The second is, in order to permanently alleviate the presenting problem, it is often necessary to de-hypnotise our patients rather than hypnotise them. The distinction made between these two phrases may appear no more than a play on words, but it is hoped the following will demonstrate a subtle, but non-the-less crucial difference. It is further postulated, that is the therapist approaches treatment with the idea of de-hypnotising, AS WELL AS hypnotising in mind, this will open up a wider range of possible hypnotic strategies for the clinician.

RATIONALE
To help qualify the above hypothesis, let us briefly consider what constitutes a state of hypnosis. For many years authors have advanced their views as to what hypnosis ‘actually is’. Most books written on the subject include a paragraph; a page; often a chapter; and not infrequently the entire work is little more than a drawn out, rather ambiguous definition. I would like to draw your attention to a succinct and tenable definition of hypnosis, which seems to withstand vigorous scrutiny. In the words of the late Dave Elman; “hypnosis is a state of mind in which the critical faculty of the human is bypassed and selective thinking is established.” (Elman D. 1964). Simple isn’t it? This author is saying that two distinct states have to be present at the same time in order to have what we call a state of hypnosis. The person has to be focusing selectively on a given idea, while at the same time being uncritical of the validity of that idea. For the sake of simplicity I shall avoid discussion of the various physical and neurological phenomena we see attached to hypnosis. The psychological aspects are adequate to illustrate the ideas, which are to follow.

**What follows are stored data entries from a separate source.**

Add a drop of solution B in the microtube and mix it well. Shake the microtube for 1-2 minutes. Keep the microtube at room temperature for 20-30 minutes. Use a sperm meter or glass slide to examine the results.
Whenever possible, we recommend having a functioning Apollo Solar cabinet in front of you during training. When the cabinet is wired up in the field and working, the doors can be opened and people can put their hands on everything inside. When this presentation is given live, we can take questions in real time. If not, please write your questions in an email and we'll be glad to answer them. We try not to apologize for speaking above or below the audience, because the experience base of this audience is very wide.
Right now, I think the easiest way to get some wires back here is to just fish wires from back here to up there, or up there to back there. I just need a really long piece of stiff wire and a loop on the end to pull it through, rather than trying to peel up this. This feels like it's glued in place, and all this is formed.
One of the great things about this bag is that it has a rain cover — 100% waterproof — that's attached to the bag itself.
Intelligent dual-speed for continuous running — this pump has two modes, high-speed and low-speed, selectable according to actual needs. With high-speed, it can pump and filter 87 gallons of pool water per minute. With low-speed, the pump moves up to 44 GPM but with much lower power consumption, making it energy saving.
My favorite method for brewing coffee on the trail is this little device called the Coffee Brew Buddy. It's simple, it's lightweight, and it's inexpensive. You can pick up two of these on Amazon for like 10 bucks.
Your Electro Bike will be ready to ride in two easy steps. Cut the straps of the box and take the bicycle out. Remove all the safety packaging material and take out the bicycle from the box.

It may be expedient to tell a prospective subject/patient that hypnosis is “a state of mental and physical relaxation in which one can accept therapeutic suggestion more easily”, but is it an accurate definition? This definition, or something akin to it seems to be commonly used in the clinical setting, and is no doubt quite useful as it can help to allay fears the person may have been previously entertaining. However it is not difficult to induce a responsive subject to stand rigorously to attention while imitating a soldier on guard duty: deeply hypnotised, yet without any ‘relaxation’. For a definition to be valid, it must remain an accurate description of the defined subject of object under any and all circumstances, I believe Elman’s definition cited above satisfies this requirement.

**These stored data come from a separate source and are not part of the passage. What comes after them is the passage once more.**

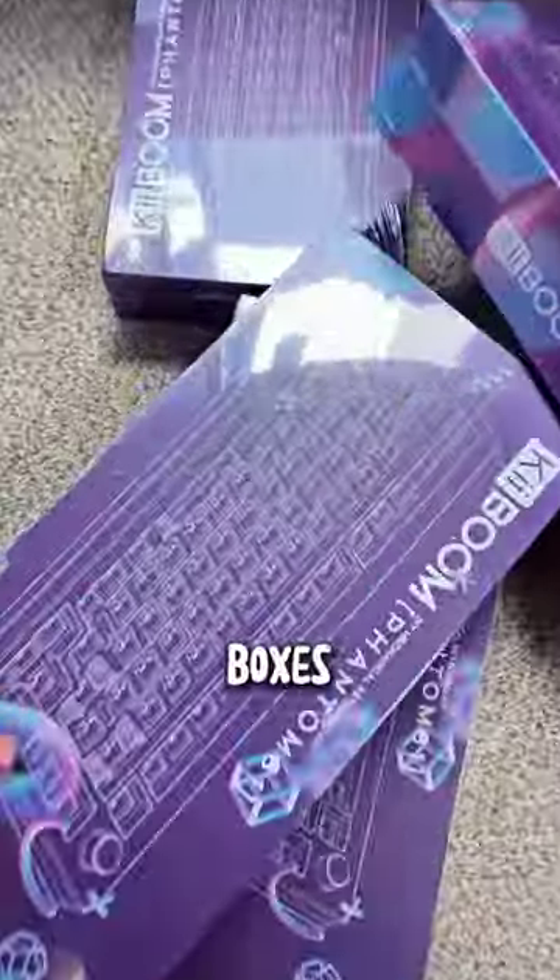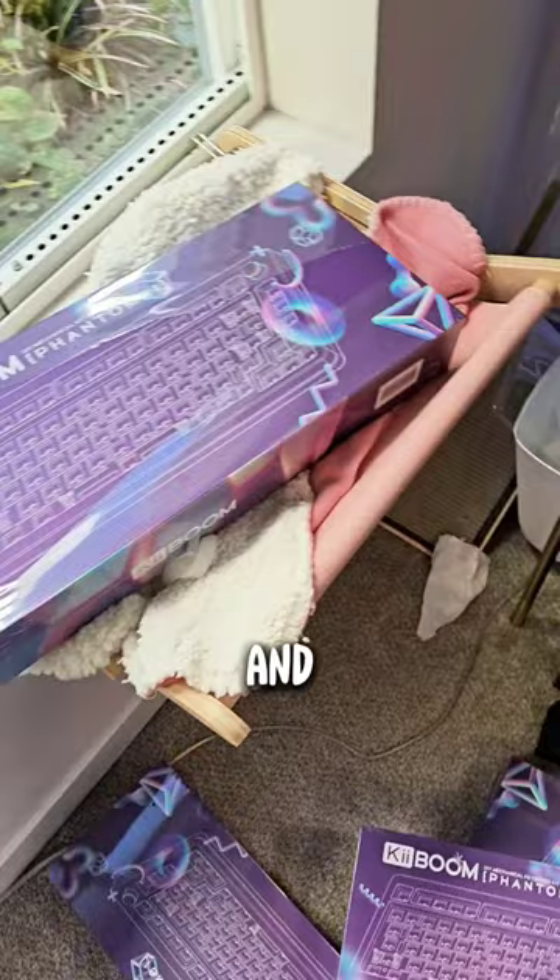I've been told in these boxes is a custom keyboard that looks cool and sounds better. Then why did they send me five? Let's find out.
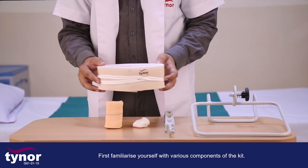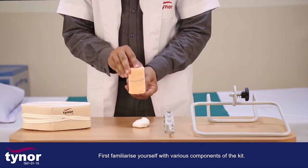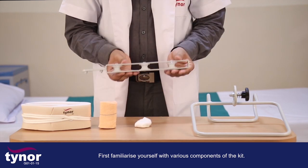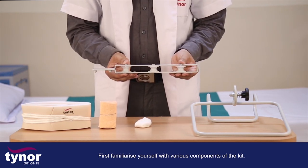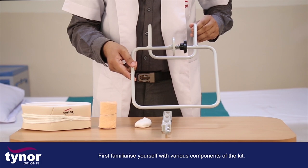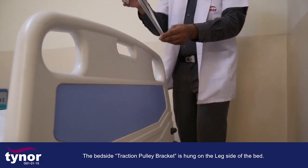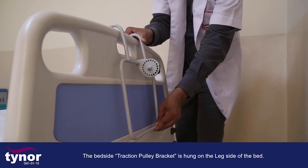First, familiarize yourself with the various components of the kit. The bedside traction pulley bracket is hung on the leg side of the bed.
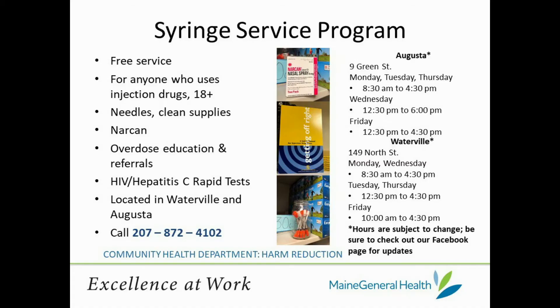At Next Step Needle Exchange, we offer many supplies like cottons, needles, sterile waters, tourniquets, alcohol prep pads, BZK pads, and triple antibiotic ointment. These supplies help create a safer, cleaner environment for drug use, reducing the risk of infections and other problems.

Having postulated that people are hypnotised into having their problems, and in keeping with the fundamental nature of this article, I shall endeavour to simplify this concept by drawing a comparison between ‘hypnosis;’ and ‘belief’. When someone is being influenced by a hypnotic suggestion, we can say they are believing in the idea being conveyed by the suggestion. They are being uncritical and have faith in the soundness of the idea or concept: they have belief in what has been suggested. This remains true even if the reason the suggestion is carried out is because having been hypnotised, the subject believes he has no choice but to carry it out … The ‘uncritical acceptance’ of an idea creates a belief in the idea. Perhaps we can extend this notion a step further to say that, uncritical acceptance of an idea is in fact – belief. The two phrases become interchangeable.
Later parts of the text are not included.